What’s the best way to meet people in the time of COVID-19?

This is a great question. Meeting people can be a challenge, with or without a global pandemic! We acknowledge that it’s difficult to meet new people during this time, and we applaud your curiosity in finding new and better ways to connect. 

It’s true that the pandemic has made dating and meeting new people difficult, but luckily, people are creative beings! Of course, you could always use dating apps and do a first date on FaceTime. But people are also finding new ways to utilize social media during this time. In the era of Zoom’s dominance, it’s not unheard of now to directly message a person in Zoom. Be careful with this method, though, since the host can see and download the entirety of the meeting chat, including private messages between attendees. Still, if the only setting in which you see someone regularly is on Zoom, this can be a great way of getting past that initial Zoom awkwardness and connect more deeply on another platform.

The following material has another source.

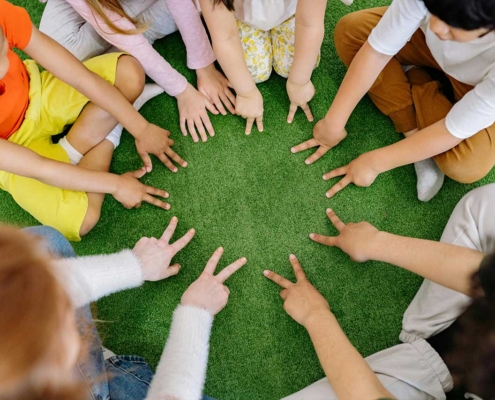 A circle of children's hands holding up two fingers pressed on a rug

In the same vein, it has also become somewhat more common to see Instagram DMs and other in-app private messages, both platonic and romantic. During a time where the “normal” avenues for interaction aren’t always available, some of the pre-pandemic etiquette for social media has loosened slightly. This isn’t a universal experience, though, so others might have different levels of comfortability with this. 

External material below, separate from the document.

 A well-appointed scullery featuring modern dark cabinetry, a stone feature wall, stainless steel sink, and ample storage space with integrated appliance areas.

While dating apps have been a bit less active these days, they can still be a good option for meeting new people. You could meet with people virtually on the first date, which is a good opportunity to gauge an individual’s comfort level with COVID-19 and determine emotional compatibility.

If dating apps aren’t up your alley, there may be other options. For instance, the Salty newsletter, a media organization for women, trans and nonbinary people, announced recently that they will start doing singles listings on their social media and in their newsletters. To get involved with something like this, you would include a picture of yourself as well as some information on who you are and what you’re looking for. This is just one option, though there may be others in this realm. 

Of course, minimizing new partners and limiting dates to virtual or socially distanced settings is still the most COVID-19-safe method of meeting people. Still, wearing masks and communicating about your social “bubble” with potential partners can also help to limit (but not eliminate) the risk of transmitting COVID-19. Since everyone has different levels of risk and comfort when it comes to COVID-19, it’s important to check in with whoever you are going to meet, as well as whoever you are living with or in close contact with. Communicating with potential dates (romantic or friendly) about your personal safety preferences, your level of risk, whether or not you’re meeting other new people and any other pertinent information will make navigating the process more straightforward for everyone involved. 

We hope this information helps, and as always, we are happy to meet with you to talk through questions like this in our SCC office and online.